BioJulia / XAM.jl

Parse and process SAM and BAM formatted files
MIT License
27 stars 13 forks source link

Add new interfaces for manipulating auxilary BAM fields #17

Open jakobnissen opened 5 years ago

jakobnissen commented 5 years ago

Add new interfaces for manipulating auxilary BAM fields

I've been working a bit with BAM files using BioAlignments the past days and have been looking through the source code. During the work, there was a few function I found that I missed from BioAlignments which would have my work easier. They would all be quite easy to implement, and I'd love to pitch a PR with the new interfaces + tests, but being interfaces, they're hard to change once released and very annoying to get wrong. So, let's discuss them first!

Phase out AuxData, or make it view-based.

Currently, an AuxData object can be created from the auxiliary data of a BAM record. In the current implementation It necessitates a copy of the data from the record, meaning that the user can manipulate the AuxData and seemingly succeeding, but without the record actually changing. Furthermore, most interfaces (all except iterate, AFAIK) for aux fields is currently implemented to work on Vector{UInt8} or on the records directly, making the AuxData type mostly obsolete. I suggest removing the object alltogether to avoid code duplication of functions acting on AuxData and Records and confusion about what the user is mutating. If this is not acceptable, then making the AuxData view-based.

get(record::BAM.Record, key::AbstractString, default)

Records work sort of like AbstractDict. In fact, the implemented AuxData type is a subtype of AbstractDict. But asking for a value with a default is very awkward for the user. I suggest adding this method, which is to completely mirror how it works for Dicts.

delete!(record::BAM.Record, key::AbstractString)

Actually changing the auxiliary fields of BAM.Record objects is difficult. Again, this one should simply mirror the similar method for Dicts. One could also think about adding pop!.

setindex!(record::BAM.Record, key::AbstractString, value)

This would also be useful to have. The value would be encoded and appended to the end of the data array. Probably a few different methods would have to be written, since the type of Value should only be an UInt8, Int32, Float32, String, or Vector{T} where T can be UInt8, Int8, UInt16, Int16, UInt32, Int32 or Float32.

Some new interface for making headers more easy

People can make all kinds of custom headers, but usually they just want the @SQ headers updated plus whatever non-SQ headers the program created. It's worth noting that BioAlignments make no checks for the header and records matching together, gladly writing a healthy-looking but unparsable (by htslib) BAM.file, so making it easy to not mess up the headers is rather important. I suggest making it easy to update the SQ headers. I'd like any suggestion here.
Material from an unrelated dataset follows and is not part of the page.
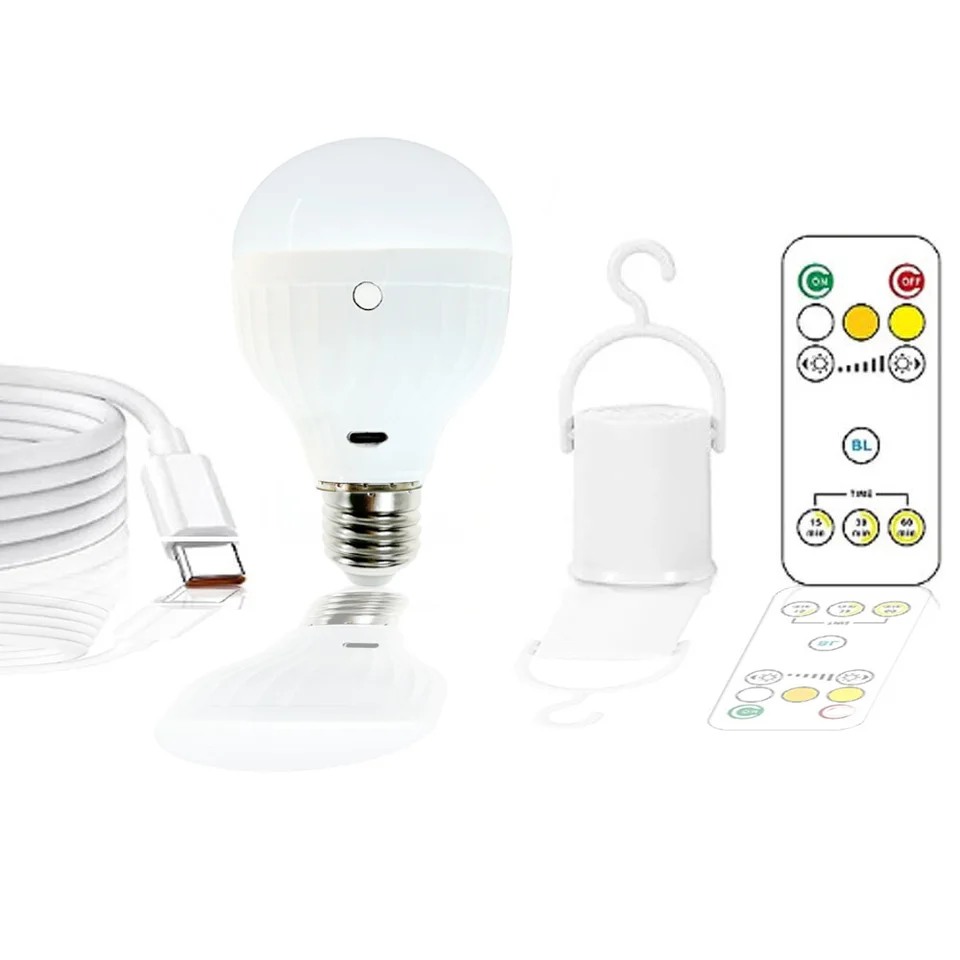 Lampadina LED Ricaricabile Magnetica E27 Con Telecomando – 15 Colori, Dimmerabile, 2 Pezzi, Batteria 2000mAh - 5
I can imagine two new constructors for SAM.Header, namely SAM.Header(h::Sam.Header, records::Vector{BAM.Record}) and SAM.Header(records::Vector{BAM.Record}), the latter creating a header with the appropriate "SQ" headers, the former with the same, but keeping any non-SQ tags already present.
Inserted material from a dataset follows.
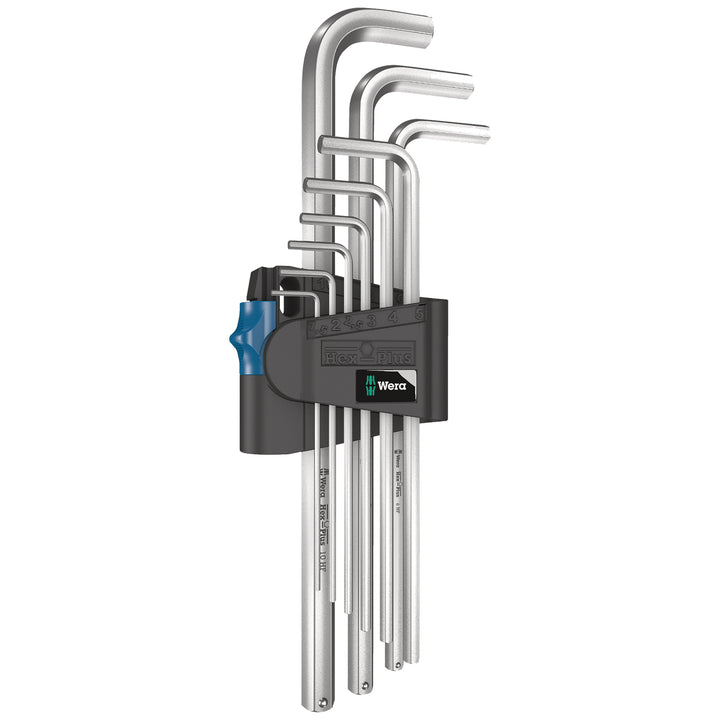Wera 950/9 L Hex-Plus HF 1 L-key set, metric, chrome-plated, with holding function, 9 pieces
jakobnissen commented 1 week ago

Once Julia 1.10 support is dropped (potentially years from now), we should use https://github.com/BioJulia/XAMAuxData.jl for this.

kescobo commented 1 week ago

I think if there's a reasonable case to be made, we don't need to go on supporting LTS with future versions.

If there's someone that comes saying "I absolutely need LTS", they can make the case, but I don't think it's worth accommodating that hypothetical user if there are concrete benefits to actual users right now.